It’s not that hard. Or is it?
Is it supposed to be this easy?
…
You see what I did here?
I overcomplicated life for no real reason and I am not the only one who does that.
To be precise, abotaged myself and it’s a very long road until I stop doing that.
The real truth is, the more complicated you make something, the more excuses you create for yourself.
And I did not say that, Eric Greitens actually did. He additionaly says that beginning something new, even when it’s simple, it becomes hard and it makes us afraid – of failure, exposure, shame etc.
That’s why it’s important to remember:
1. You are a work in progress.
That is what you are and don’t run from it. You’re not done and you’ll never be.
And you know what? That’s beautiful and you should embrace it. Basically, you should stop complicating things because you don’t feel good enough to do or try something.
You are good enough.
2. Stop being too materialistic.
I didn’t say you shouldn’t buy yourself nice things. Just don’t think you’re better than anyone because of your posessions. Quality always beats quantity. And it is quite true when Chuck Palahniuk said:
“We buy things we don’t need with money we don’t have to impress people we don’t like.”
As you grow older, and hopefully wiser, you’ll learn that if your wealth is only captured through material posessions, you will ironically also learn that it makes your lifestyle complex and that the more doesn’t mean the merrier.
3. Nothing complicates your life quite like unnecesarry debt.
This is pretty self explanatory and really logical. It basically means you should live your life within your means and balance it out. The fun and real life, which often brings you emergiences of sorts.
4. Manage your expectations.
My personal favorite. There is a poet named Buddy Wakefield I like quoting on this one and he says:
“Your expectations of me are not my responsibility. Those are yours.”
And he is far from wrong. Simply because of two reasons:
a) Having unrealistic expectations always inevitebly leads to a broken heart or an empty wallet.
b) Your expectations might provide an illusion of safety in your relationships
5. Cut the toxic people out!
If anything, your expectations will teach you where you want to land in relationships – romantic and business ones.
It’s also true that when you decide to surround yourself with smart, driven and mature people, you’ll become at least their avarege.
Whenever you have the choice, spend time with them and gain insights.
Life is too short to be surrouned by those with toxic tendencies and they will hold you back.
The risk of regrets is too damn high and nobody lives your life except you.
6. Say „no“ without an explanation.
Don’t explain yourself when you decline going to a party because you don’t want to. Your „no“ is a reason good enough not to lead a further discussion. Don’t apologize for it. When you don’t feel like it – you don’t feel like it, simple as that.
Saying “no” to what doesn’t feel right will give you focus and devotion for people and opportunities that will count.

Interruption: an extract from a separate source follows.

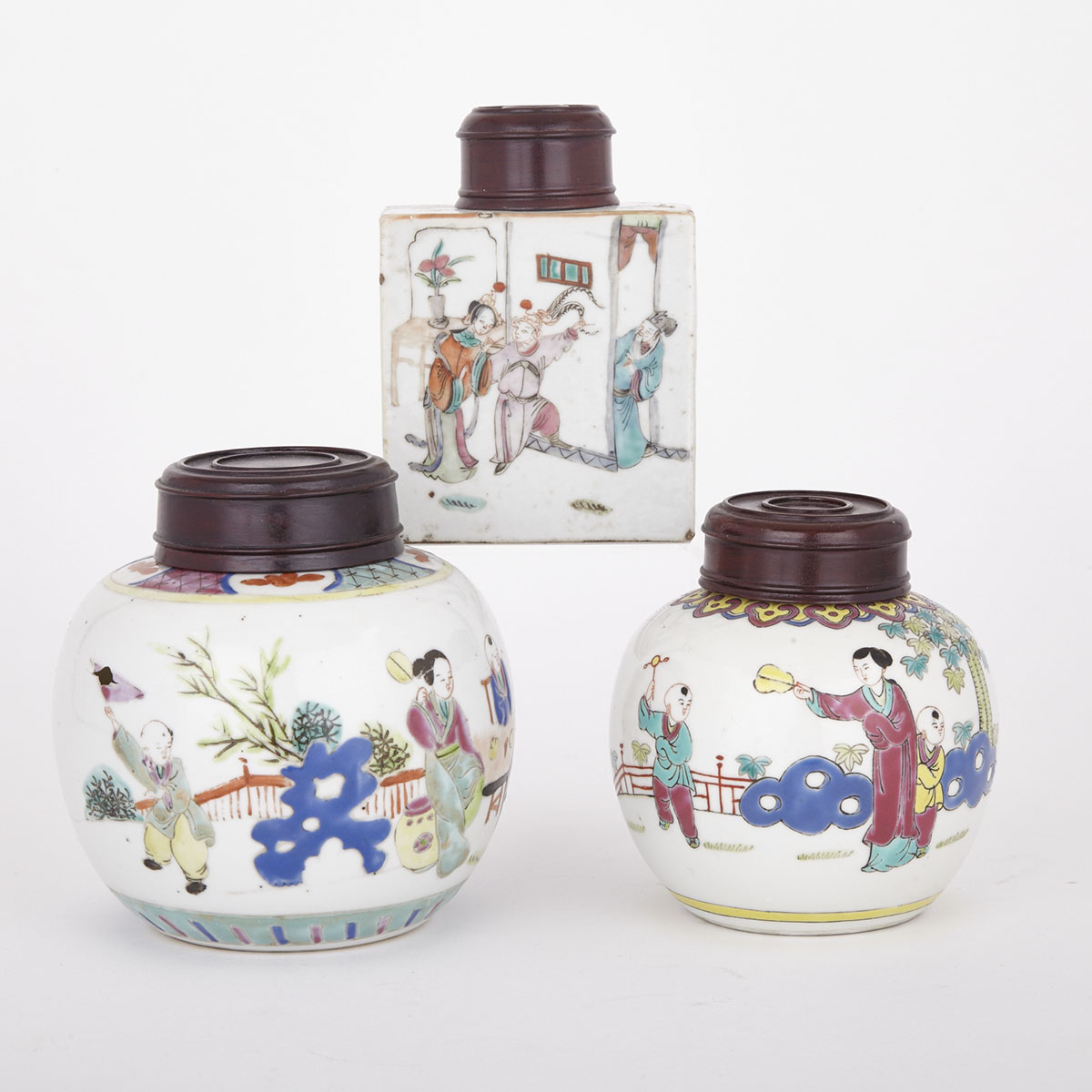 Two Famille Rose Covered Jars and One Tea Bottle, 18th Century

Not only will you be happier, you will also be more present.
It’s possible to do it without yoga, that’s right!
After all, not everything is for everyone and learning what you want to say „no“ to is sometimes more important than knowing when to say „yes“.
7. Give up on the idea of changing people.
Nobody will spend your resources more than people whom you deseperately want to change. Well, news flash…you can’t change people when they don’t want that.
They will not appreciate your efforts or time and you will end up feeling unsuccesful for something that is not your responsibility in the first place. Either accept them and appreciate them for who they are or leave for your own good.
It will save your soul and other resources.
8. Be honest.
Sometimes it’s the hardest thing to do. We’ve all been there. The truth is, life based on dishonesty and pretending weighs you down with problems you wouldn’t have if you clarified for yourself what you want and what you need.
So, really…it’s up to you to decide how you can escape the issue of complicating your life unnecessary.